Cafferty se contentó con sonreír.

– ¿Qué dirá Bryce Callan? -añadió y vio que Cafferty ensanchaba la sonrisa. Ahora lo comprendía-. ¿Callan estaba de acuerdo? ¿Era ese el plan desde un principio?

Cafferty bajó la voz.

– No se puede ir por el mundo matando a gente como Roddy Grieve. Es perjudicial para todos.

– ¿Y tú sí puedes matar a Barry Hutton?

– Le salvé el pellejo, Hombre de paja. Me debe una.

Rebus le amenazó con un dedo.

– Tú me llevaste allí para montar la trampa en que cayó Hutton.

– Cayeron los dos -replicó Cafferty casi pavoneándose y a Rebus le entraron ganas de darle un puñetazo en la cara, lo que no pasó desapercibido a Cafferty, quien miró a su alrededor, el elegante comedor con sus sillones de cretona y antimacasares, arañas en el techo y mullidas alfombras-. Aquí desentona, ¿no cree?

– De sitios más elegantes me han echado -replicó Rebus frunciendo el entrecejo-. ¿Dónde lo metiste?

Cafferty se recostó en el asiento.

– ¿Conoce la leyenda de la Ciudad Vieja?
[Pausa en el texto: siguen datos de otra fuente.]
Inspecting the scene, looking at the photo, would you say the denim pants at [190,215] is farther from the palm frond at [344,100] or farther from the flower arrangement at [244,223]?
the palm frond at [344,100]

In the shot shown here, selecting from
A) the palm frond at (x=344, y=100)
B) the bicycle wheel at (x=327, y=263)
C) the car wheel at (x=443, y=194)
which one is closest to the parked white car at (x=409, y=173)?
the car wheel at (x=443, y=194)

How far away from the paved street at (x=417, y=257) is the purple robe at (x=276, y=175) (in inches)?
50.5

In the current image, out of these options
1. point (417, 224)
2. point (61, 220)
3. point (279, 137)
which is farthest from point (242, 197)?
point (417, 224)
La razón de que sea tan estrecha y empinada es que bajo ella hay enterrada una serpiente enorme -dijo Cafferty haciendo una pausa como dándole pie a que continuara él-. Hay sitio para más de una serpiente, Hombre de paja -añadió él al ver que Rebus no decía nada.

La Ciudad Vieja con las obras en curso alrededor de Holyrood, Queensberry House, Dynamic Earth, las oficinas del Scotsman…, hoteles y pisos, proveía de numerosos solares en construcción con infinidad de hoyos profundos para llenar de hormigón…
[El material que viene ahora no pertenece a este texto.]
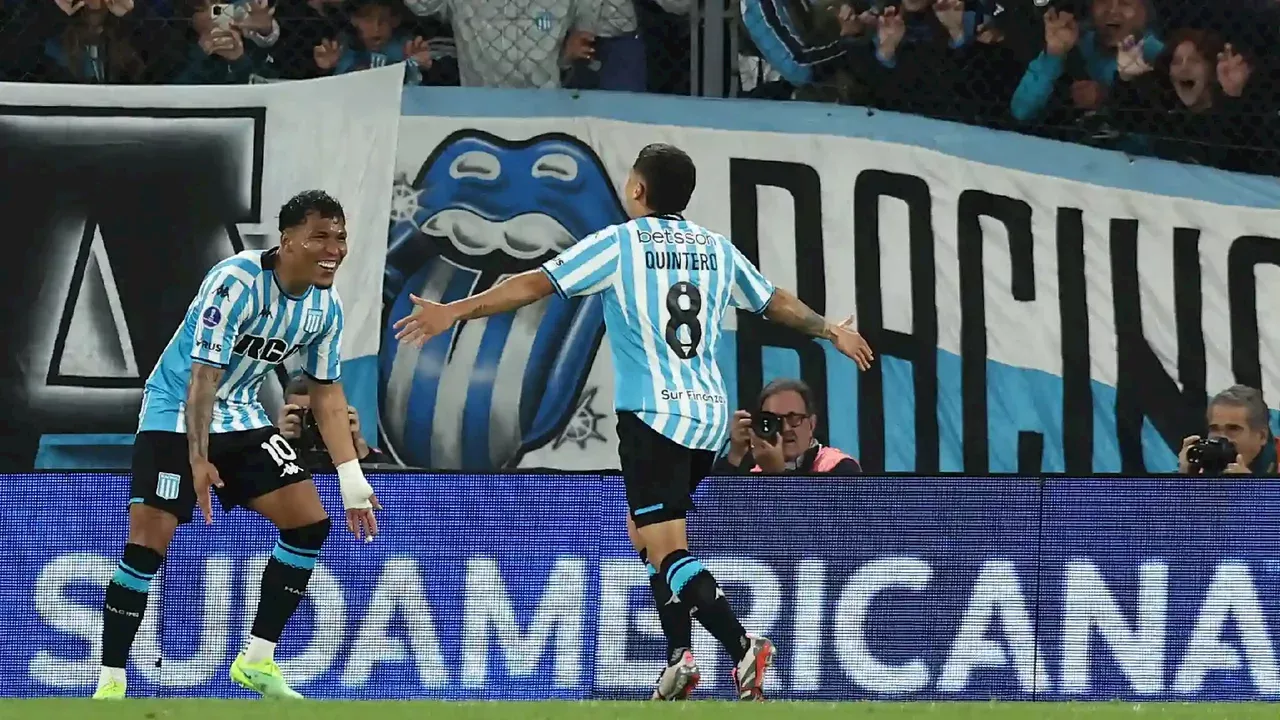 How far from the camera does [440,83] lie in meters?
11.3

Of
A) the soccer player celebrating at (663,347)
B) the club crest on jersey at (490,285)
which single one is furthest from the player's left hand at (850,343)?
the club crest on jersey at (490,285)

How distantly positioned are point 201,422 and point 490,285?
400cm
– Lo buscaremos -dijo Rebus, recordando las palabras de Cafferty en el jardín del tanatorio: «Sin cadáver no hay crimen».
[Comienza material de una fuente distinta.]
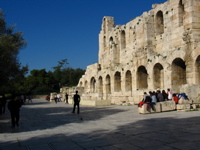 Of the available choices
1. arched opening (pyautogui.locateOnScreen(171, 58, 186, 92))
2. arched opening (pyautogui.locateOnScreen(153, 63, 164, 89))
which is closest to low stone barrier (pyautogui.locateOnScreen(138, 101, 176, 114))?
arched opening (pyautogui.locateOnScreen(171, 58, 186, 92))

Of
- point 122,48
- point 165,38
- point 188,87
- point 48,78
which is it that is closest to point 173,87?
point 188,87

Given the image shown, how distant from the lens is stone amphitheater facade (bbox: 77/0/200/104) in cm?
1673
Cafferty se encogió de hombros.

– Hágalo. Y presente su propia ropa como prueba porque quizá haya en ella sangre de él mezclada con la suya. A ver si al final va a resultar que quien tiene que dar explicaciones es usted… Yo no me moví de aquí en toda la noche -añadió haciendo un gesto con el brazo-. Pregunte. Hubo una fiesta de la hostia y fue una velada cojonuda. La próxima Nochevieja… ¿quién sabe dónde estaremos? Ya tendremos Parlamento, y esto… será cosa del pasado.

– No me importa cuánto tardemos -dijo Rebus.

Pero Cafferty se echó a reír. Había vuelto a tomar las riendas de su Edimburgo y eso era lo único que importaba.